What—that is, the subject matter of the map—is a bit more complicated.

Each geographic area can be additionally broken down by subdivisions, based on the last digit:

  • 0 or 5—a general map of the geographic area
  • 1 or 6—map of a subject within that area (roads, geology, etc.)
  • 2 or 7—map of a region or natural feature (body of water, mountains, island, etc.)
  • 3 or 8—map of a major political division (county, state, province, etc.)
  • 4 or 9—map of a city or town

So, for example, if G4280 is the general call number for Washington State,

  • G4281 indicates that the map is about a subject within the state of Washington (ex. mineral resources)
  • G4282 indicates that the map is about a region or natural feature within Washington (ex. Mount Rainier)
  • G4283 indicates that the map is about a major political division (ex. King County)
  • G4284 indicates that the map is about a city or town (ex. Issaquah)

A general map (ending in 0 or 5) will not have a subdivision. All other kinds of maps (ending in 1-4 or 6-9) will.

When—the date of publication—is represented by a year. If the year of publication is not known, it will have a question mark and may also have one or more dashes. For example, 197-? indicates that the cataloger believes that the map was published sometime in the 1970s.

Which scale is only used for sets of maps all in the same scale, such as topographic sets.

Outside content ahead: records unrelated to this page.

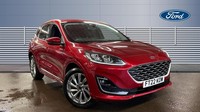 2022 Ford Kuga 2.5 FHEV Vignale 5dr CVT Hybrid Estate Estate Hybrid Automatic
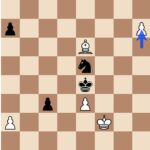 Liga 2025/26: Magnífica partida de Lorenzo junior en la ronda 8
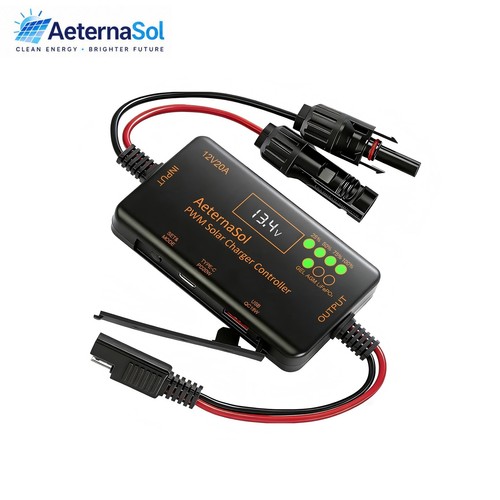 Aeternasol solar charge - aeternasol,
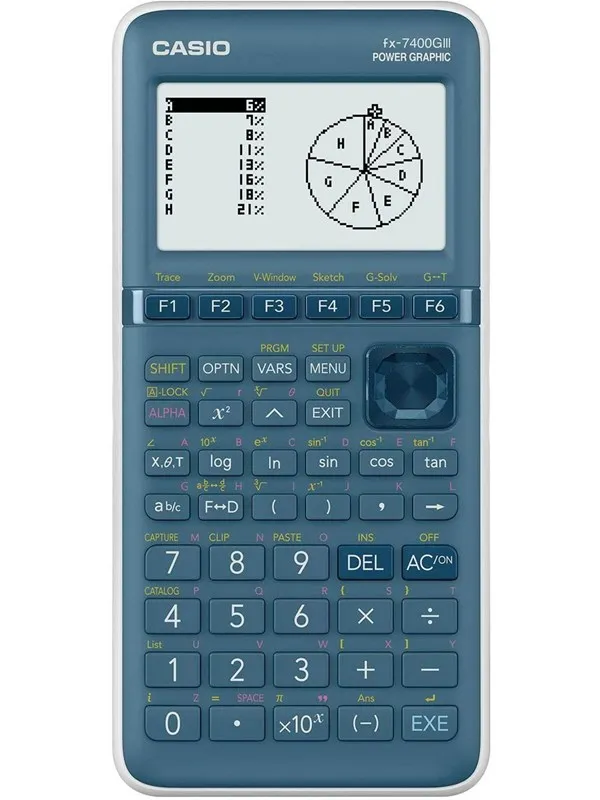 Casio FX-7400GIII Grafräknare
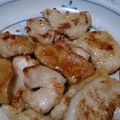 クック6DDPP8☆'s cooksnap of when they made 簡単♪柔らか鶏ムネ肉のポン酢焼き.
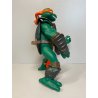 GIOCATTOLO VINTAGE MICHELANGELO Teenage Mutant Turtles TMNT Ninja PLAYMATE TOYS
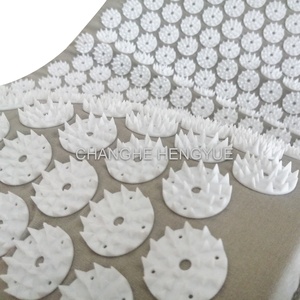 Manufacturer Acupuncture Yoga Mat High Quality Home Health Care Acupressure Cushion <strong>Shakti</strong> Mat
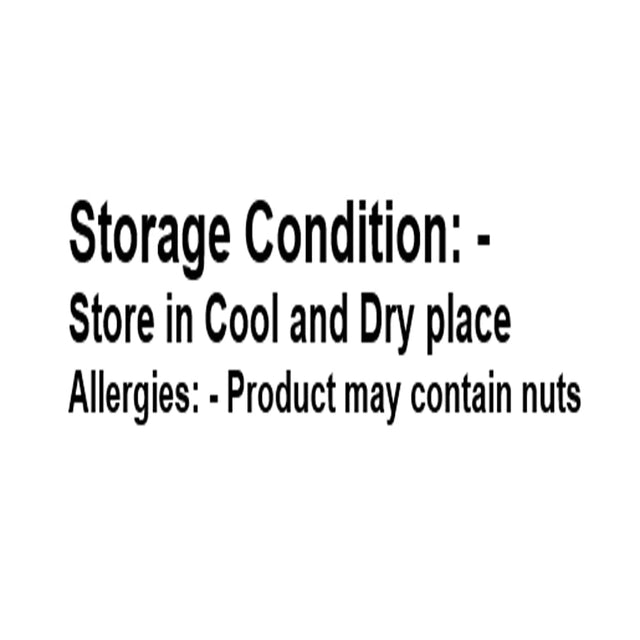 Jaiccha Ghasitaram Roasted Almond Bites 400 GMS in Green Paper Pouch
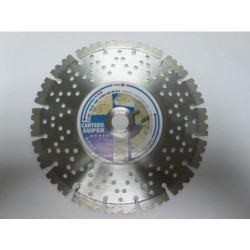 DISCO PIEDRA CANTERO SUPER 230 WCS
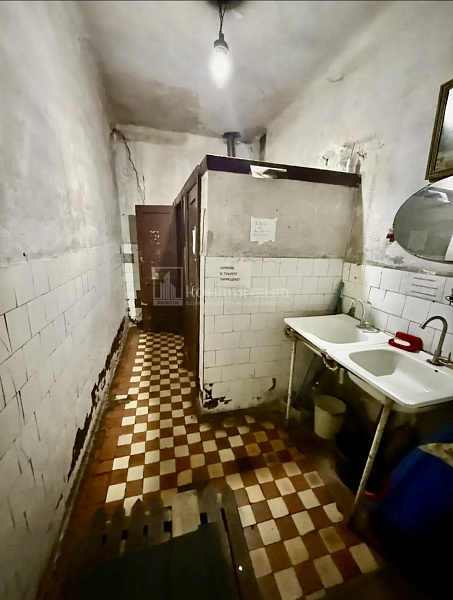 комната, 22.9 кв.м.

It is represented by the letter s and a number. For example, s250 represents the scale of 1:250,000.

Who—the author of the map—is represented by a period, one letter, and one or more numbers. This is called a Cutter number or a Cutter.


Examples:

  • A general map of WA state has the following call number:
    G4280 1987 .A4
    where (G4280—WA state), when (1987), who (.A4—Allen Cartography)
     
  • A map of the roads of Seattle has the following call number:
    G4284.S4P2 1999 .T5
    where (G4284—WA state by city; .S4—Seattle), what (P2—roads), when (1999), who (.T5—Thomas Bros. Maps)
     
  • A topographic map of India has the following call number:
    G7650 s250 .I5
    where (G7650—India), which scale (s250—1:250,000), who (.I5—the Indian government)

How Do I Interpret Topographic Map Symbols?

The United States Geological Survey (USGS) has a detailed description of topographic map symbols.